Now he is highly suspicious the new restrictions are a “belated attempt” by the Taoiseach to fight the real threat from abroad. “Is it a charade? Or is it only an attempt to cover up for not doing what he should have done all along? It’s very easy to close pubs down. It’s very easy to close the country down. And that’s what he’s done and ’twasn’t the virus done it.”

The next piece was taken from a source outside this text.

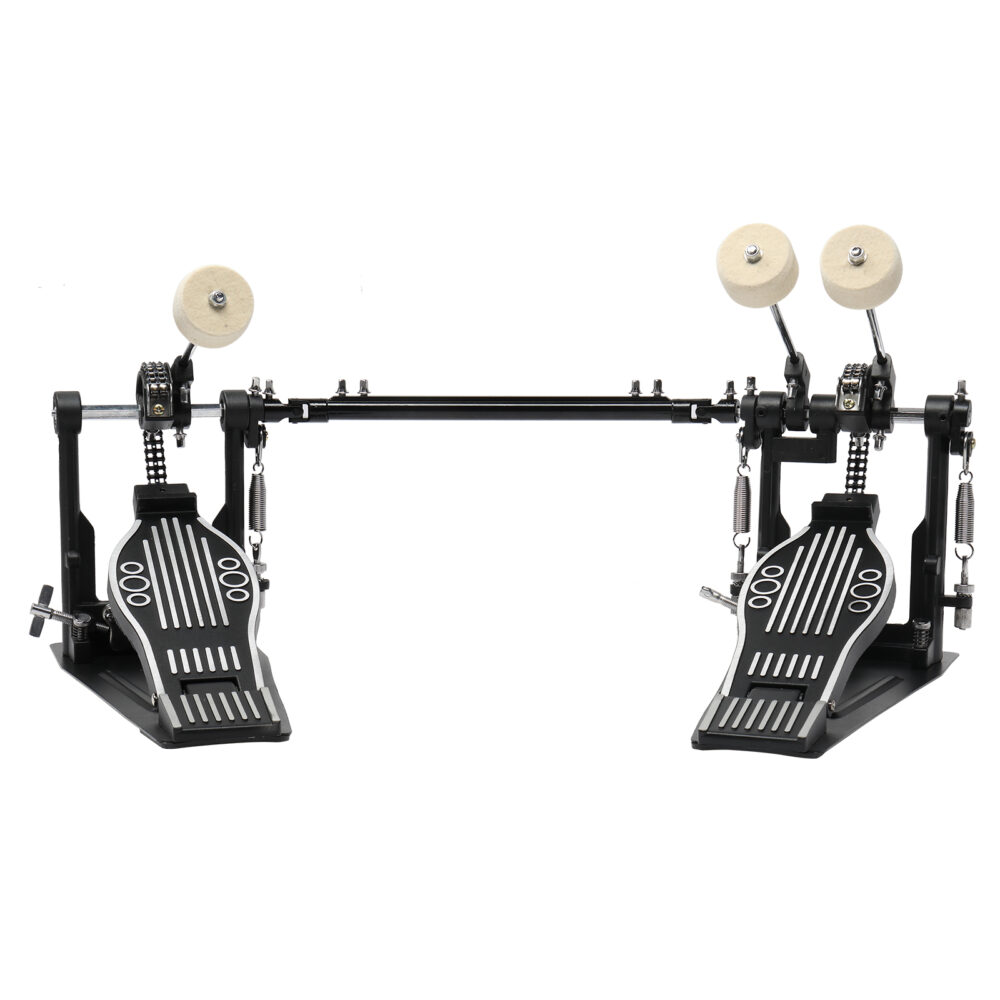 Wool Felt Hammer Double Drum Pedal Professional Double Bass Drum Pedal Black #JL06-99363475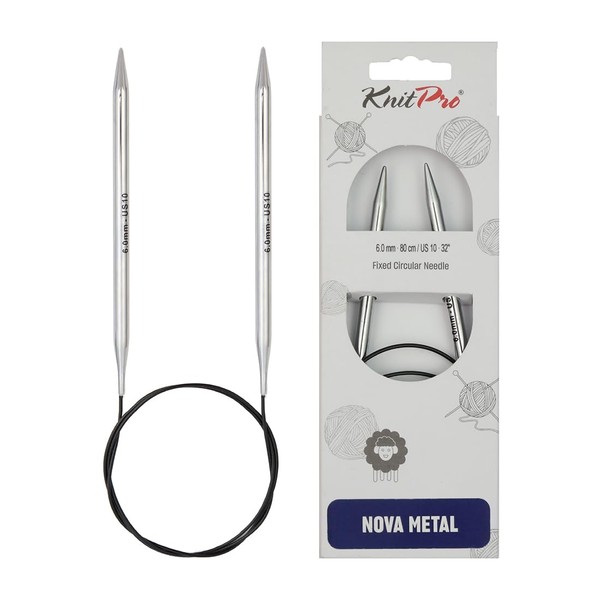 KnitPro KP10393 50 cm x 6 mm Nova Fixed Circular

His brother Micheal Healy-Rae wanted to know “what set the Government has against publicans” because there was a concerted effort to blame pubs for spreading the pandemic.
Grossly untrue
A claim “proven to be grossly untrue because of the facts”. The facts, no less, and them being the virus getting out of control when the pubs were closed? And yet Government spin was “to victimise, demonise, and put down our public houses, because of some reason that is only best known to yourself and your Government”.
Micheál, looking weary to the bones, kept his composure. “I find it very difficult to comprehend what has just been said given all that has happened in this country,” he sighed. “Have you learned anything from what has transpired?” He has the patience of a saint.